Examen des feuilles mortes

Ce petit, simple et grand film du réalisateur finlandais arrive bientôt en Italie avec Lucky Red. Toujours plus essentiel, toujours plus minimaliste, toujours plus cinéma et sentiment. La critique de Fallen Leaves de Federico Gironi.
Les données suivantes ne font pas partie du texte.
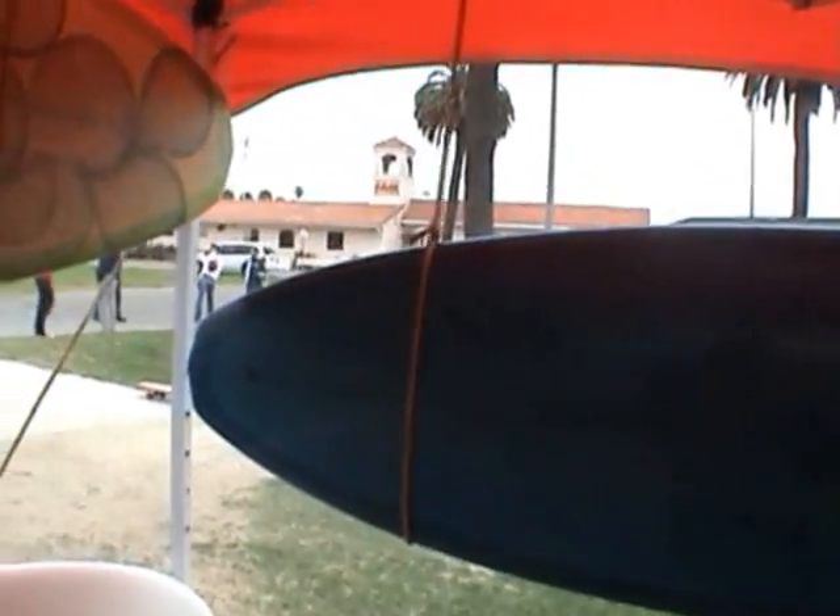Basically what this one is, is a biofilm board with a teal resin tint on it. And it's a diamond tail. Super fun board.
Il y a un Lui et une Elle, peu importe leurs noms : pendant longtemps ils s’ignorent même. Il importe qu’ils soient deux perdants, deux prolétaires. Il est ouvrier, dort dans une cabane, boit trop. Elle travaille dans un supermarché, mais ils la virent parce qu’elle a ramené chez elle un sandwich périmé destiné à la poubelle.
Lui aussi finira sans travail, à cause de l’alcool. D’une manière ou d’une autre, ils continueront. Surtout, d’une manière ou d’une autre ils se rencontreront, ils continueront à se rencontrer grâce au destin, et à cause du destin ils seront destinés à se perdre, se retrouver, se perdre à nouveau.
Lui et elle évoluent en silence, avec effort mais détermination, dans l’univers d’Aki Kaurismäki, toujours plus minimal, toujours plus essentiel, toujours plus chargé d’émotion.

« Une douce tragi-comédie », disait-on de ce film.
Une gentillesse qui est très, très proche de la poésie. La poésie du quotidien.

Une tragi-comédie qui vous mène inexorablement à la racine de ce couple improbable, si malheureux et si digne, si éprouvé par la vie mais si imperturbable dans sa résignation silencieuse à supporter chaque coup qui lui est infligé.
Une acclamation qui vous tient en haleine, qui vous fait trembler dans le fauteuil à la énième dérision de l’affaire, comme si vous étiez là pour crier « Tourne-toi » à Julie Christie à la fin du Docteur Jivago.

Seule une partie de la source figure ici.